I can't believe it has been over a week since we all saw each other at Mom's funeral. There are so many people I have to thank for being here and making it such a special day. You should hear from me soon.
This next week will prove very difficult for us and we try to adjust to life without Mom. It is strange how many times is the course of a week that we think about picking up the phone and telling her about something. Or how we wish she could see this or that, or share in the laughter of a moment. We feel that loss and it is very odd. I have not lost either of my parents and this is the closest I have come. I am not looking forward to it as I don't like the loss of my mother-in-law. We miss her.
I have gotten some sleep, have apparently gotten rid of the sinus infection that hit me the day before she passed, and I'm recovering from the abcess tooth that hit me the two days after her funeral. My sister says that when you are run down and tired, it will hit the weakest part of your body, and that is my mouth and teeth. I have to start that painful process next week with a visit to a endodontist and then an oral surgeon. Yea!!!
I did the weirdest thing yesterday, and I do not regret it for a minute. I cut my hair. Short. From the front it looks like I have pulled my hair up into a bun or ponytail, but when I turn around - Surprise! It is short and spiky (thanks to Super Stiffy). It is so neat. I look chic, sophisticated and fun all at the same time. And cooler. Jeremy loves this look. He didn't think he would but he does. I do wake up with some interesting bedhead though.
Sarah and I are also heading out to church this morning. We have not done this in a very long time.
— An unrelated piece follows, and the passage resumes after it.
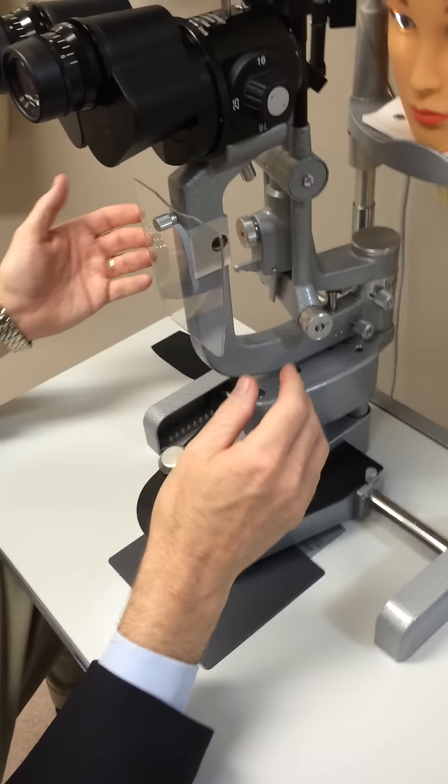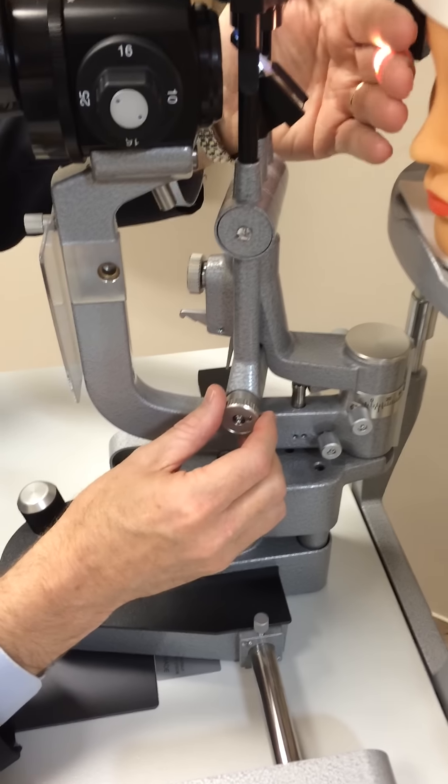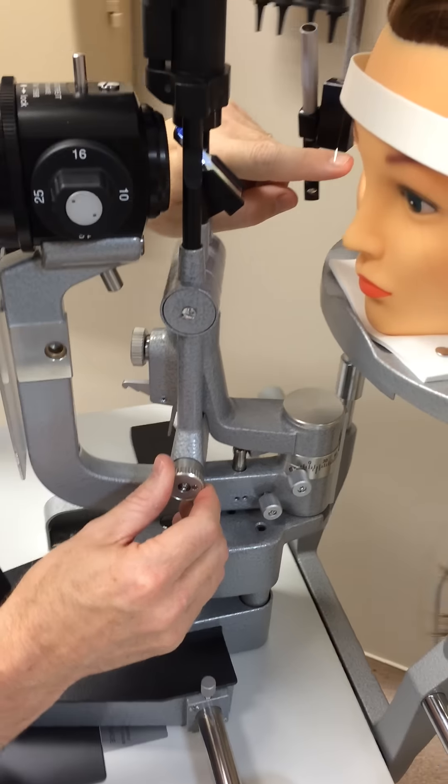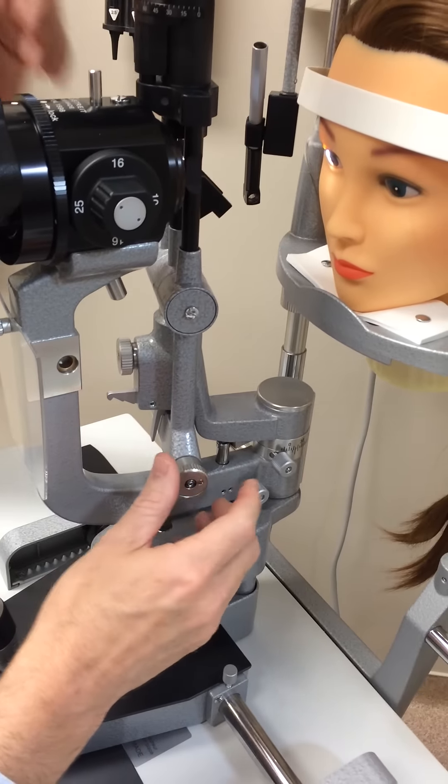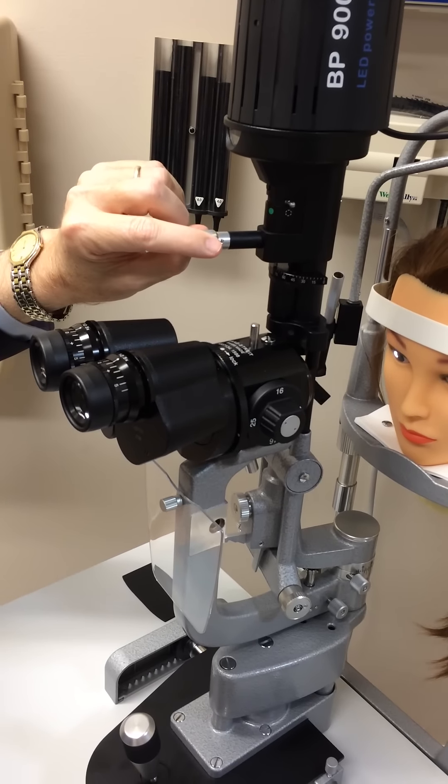There are a few adjustments like on all slit lamps. This down here is the adjustment to make the slit wider or more narrow — you can see it on the eye. This is the adjustment to make the ball bigger or smaller.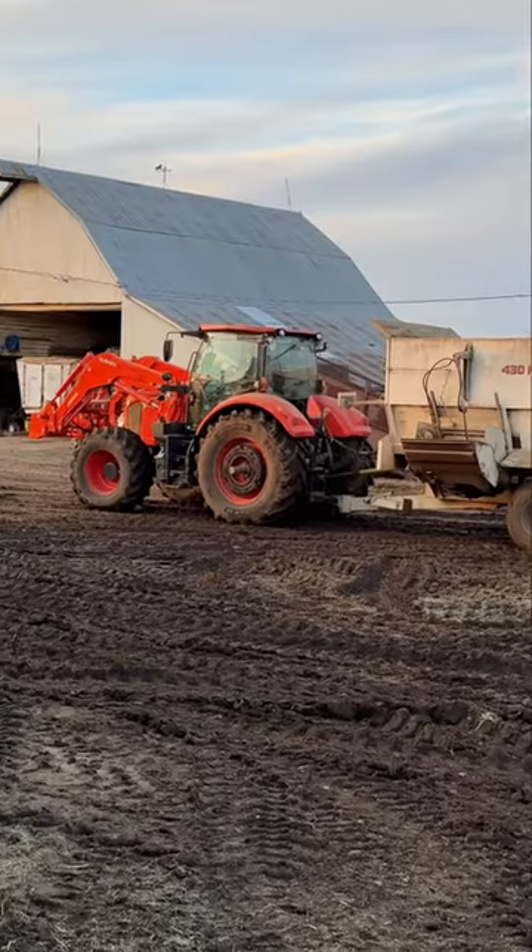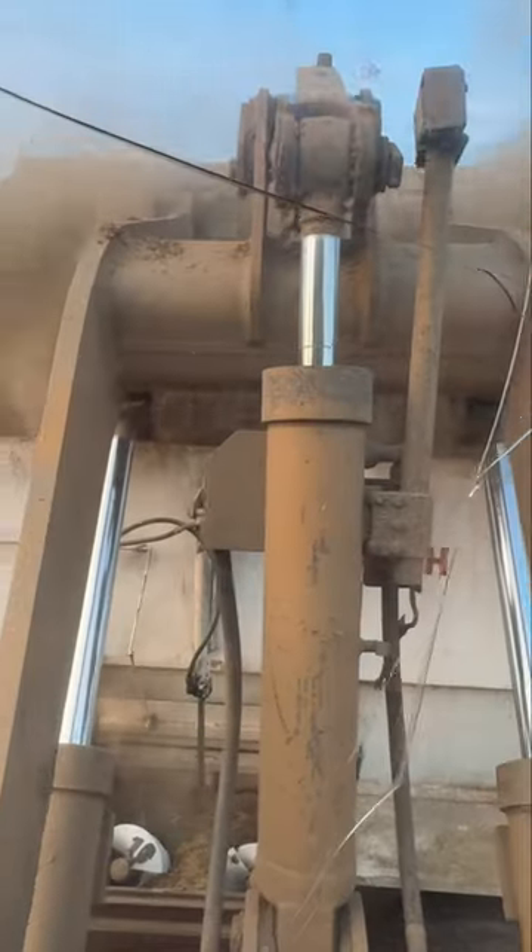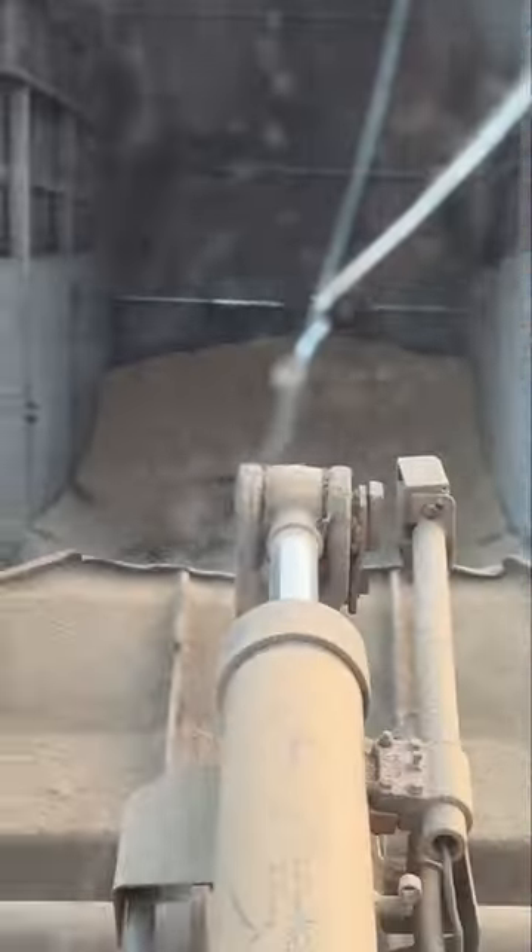It is Thanksgiving evening here on the farm. First ingredient is this mineral. Next ingredient is ground-up hay — there's a nice big scoop of hay. We got 720 pounds of some ground-up corn.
We are going to the church that supported us during all of these hard times we have gone through and that is Adairsville Baptist. God bless you all. Jeremy does not feel strong enough to go so let's pray he feels more like it next week. He is worried about being able to control Sarah. So I will take Sarah today and teach her how to behave in church. Granted, this may take a few weeks to get down, so I do hope the congregation is flexible. It just feels this is the right thing to do. And there are no more excuses about having too much to do and too many people to care for. It's time to care for me, my soul, my health, my teeth and yes, even my hair. Good changes. And a good time to do it.
My heart goes out this week to cousin Judi who has begun her own fight with breast cancer. This week she started loosing her hair. Though her attitude toward all this is great, this must be extremely disconcerting. I hope that it is not something I will need to endure. Fight the good fight Judi. And know that you do not walk this path alone.
Must close for now and wish you all the very best of weeks, of love and laughter. Enjoy those you love and hold them close. These are tender times for this family, but we are grateful being able to share them all with you.